Well, crap.....

Well, second to last day of shooting is complete, finally got ahold of an actor that is constantly MIA, delaying the production.

We get to a shot, pretty important to the story, very quick shot, everyone is tired as hell and wants to go home, so we speed through the shot... Much to my dismay, I arrive home to realize the shadow of the microphone falls directly on the person standing in the middle.


What the hell do I do? Is this too much of an annoyance to leave in? (It's kinda recognizable that that's what it is)
 
I don't know much about visuals, but I've spent literally hours redrawing waveforms to fix crackles,
bumps and distortion on very short (two or three second) audio clips.

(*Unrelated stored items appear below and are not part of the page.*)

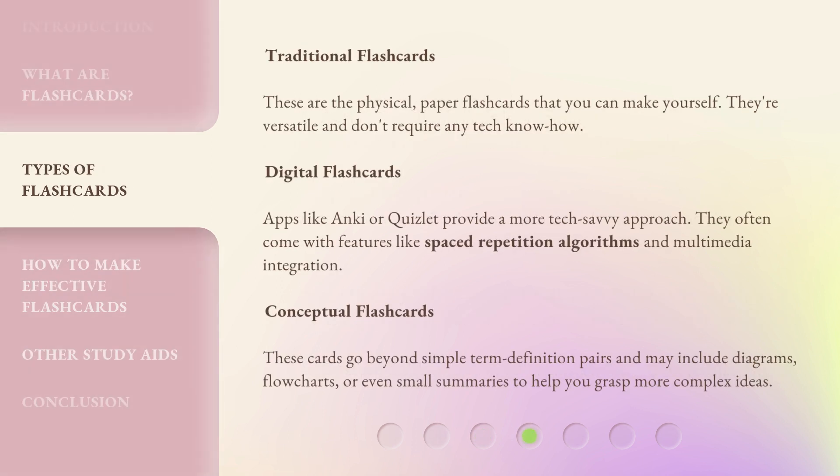Traditional Flashcards: these are the physical, paper flashcards that you can make yourself. They're versatile and don't require any tech know-how. Digital Flashcards: apps like Anki or Quizlet provide a more tech-savvy approach, and often come with features like spaced repetition algorithms and multimedia integration. Conceptual Flashcards: these cards go beyond simple term-definition pairs and may include diagrams, flowcharts, or even small summaries to help you grasp more complex ideas.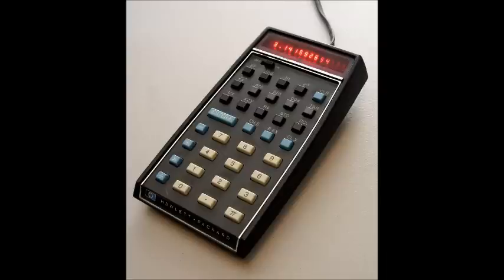He pulled out this calculator and said, take a look at this. I said, wow, that's really a lot more than any calculator I've ever seen. Would you mind if I showed my dad? He said, I won't let you take it, but I'll come over and show him. So he drove over and took me home and showed it to dad.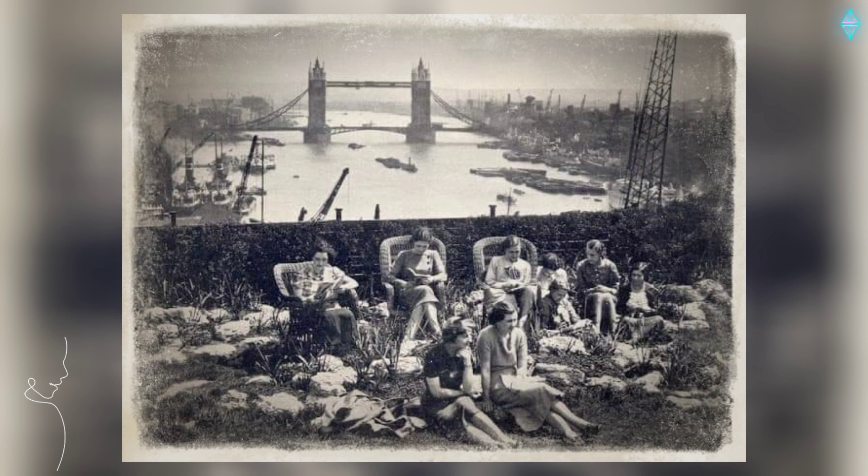Lunch Hour in the Roof Garden, Adelaide House, 1937.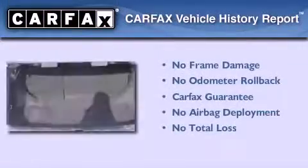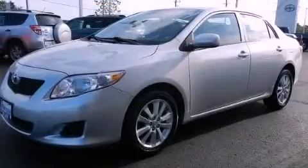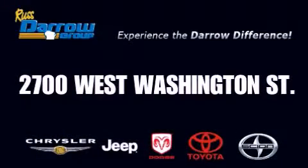Not to mention that this Toyota qualifies for the Carfax buy-back guarantee. Stop by today and test drive this automobile for yourself. Get the Dero difference today only at Rust Aero Toyota Scion Chrysler Jeep Dodge West Bend. Rust Aero!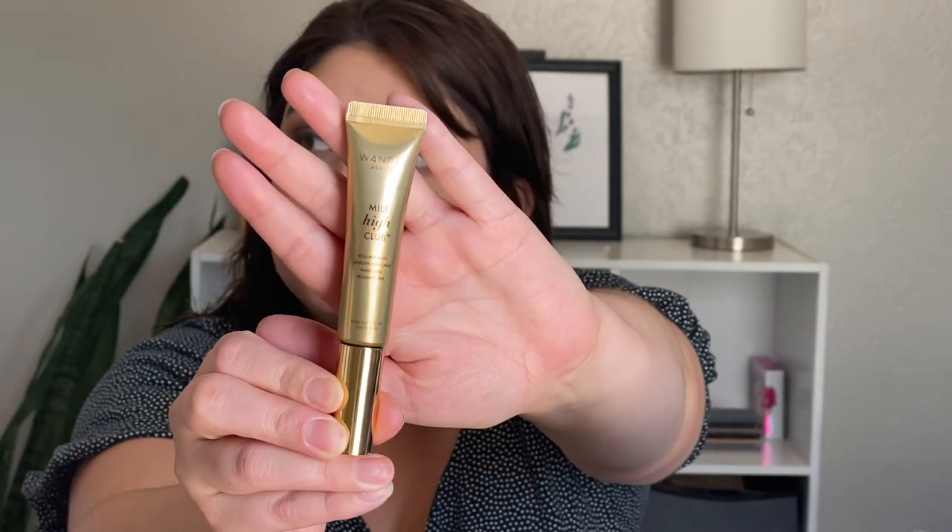Next I'm going in with mascara — this is the Mile High Club Volume and Length Mascara from Wander Beauty. Interestingly it's a tube and you pull it out to get the mascara wand. Then I'm going in with the Ardell Wispies lashes. While the lash glue is drying, I want to apply my highlight — so I'm going in with the Anastasia Beverly Hills Amrezy Highlight.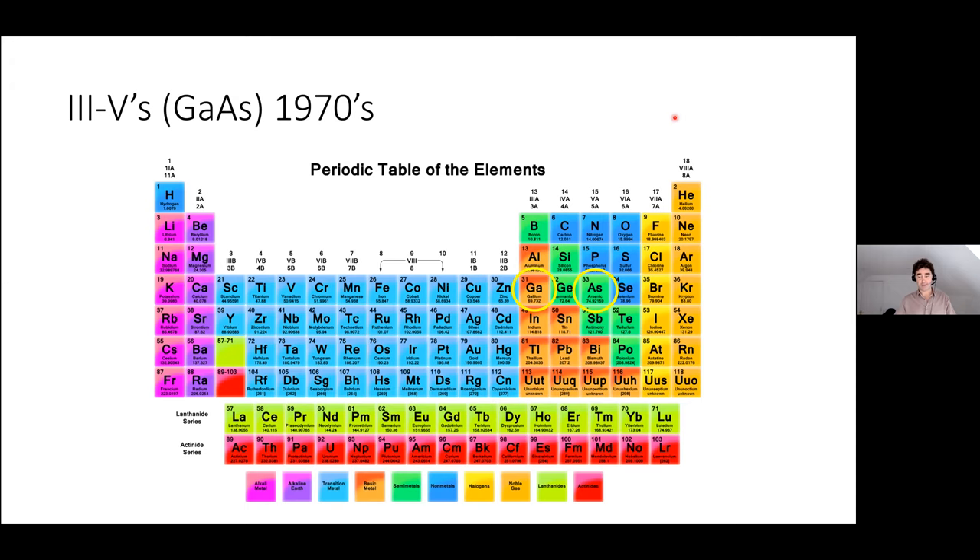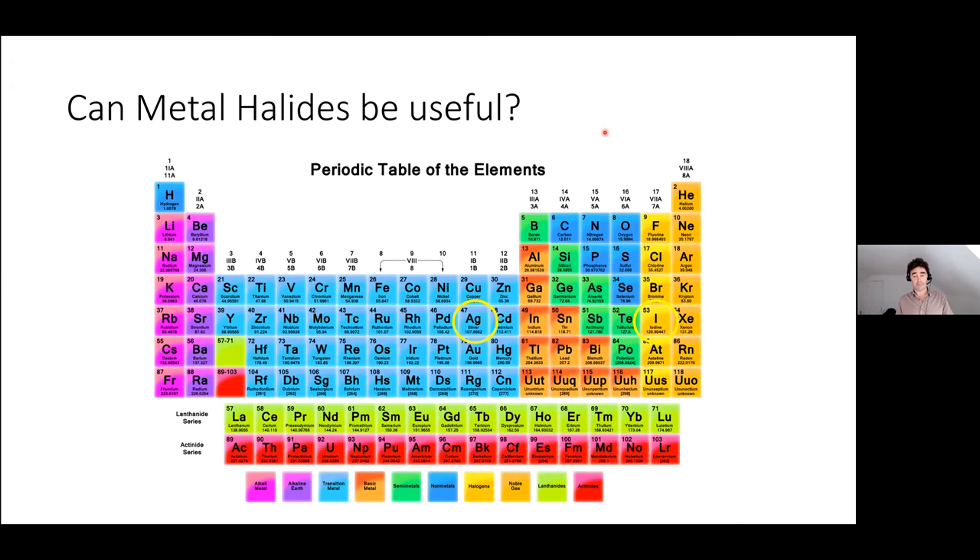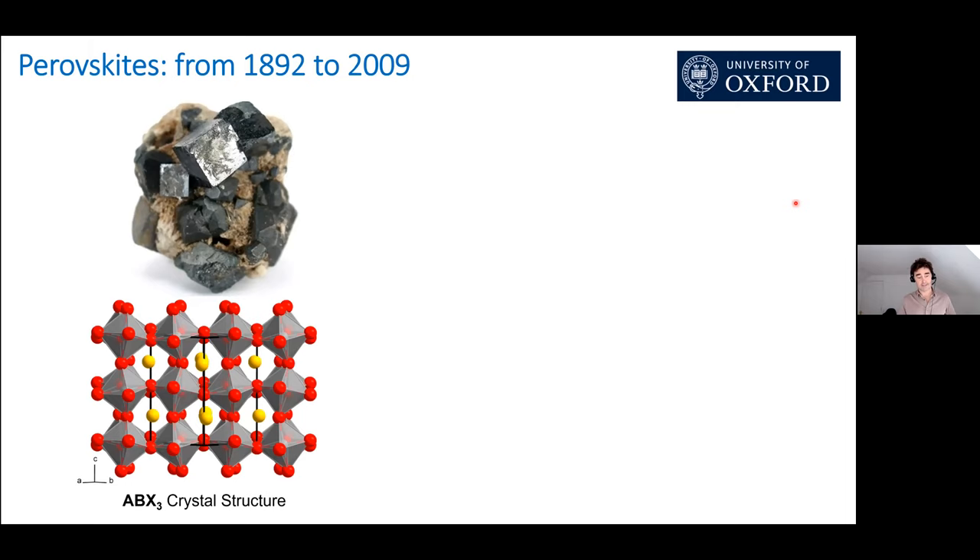Gallium arsenide, the III-V semiconductor materials, first really demonstrated in the 1970s, show very high efficiencies — much higher than silicon. But they require very high purity and very low crystal defect densities, which means production via molecular beam epitaxial growth is very expensive. So they haven't competed for flat-plate technologies, although they do compete on efficiency. The metal halides have been known for their photoactive properties for a long time, leading researchers to look at metal halide compounds for optoelectronic devices and specifically photovoltaics.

My wife is a graphic artist and has done incredible things with still photos - "erasing" old logos and
putting new logos on shirts (they do lots of NFL and MLB work), and once got rid of a wine glass being
held in a hand and replacing it with a piece of jewelry. Fixing shadows is something that she does on a
regular basis. Now, I know about as much as a turtle when it comes to visuals, but five seconds is,
what, 120 frames? Can't you just brighten up the shadow a bit frame by frame? Or am I way off base?
 
I'd suggest either root-tracking the entire t-shirt and changing the entire design (perhaps a plain colour?) or tracking just the part that the boom is on and fixing the colours on that.

It will be a lot of work, but it seems fixable.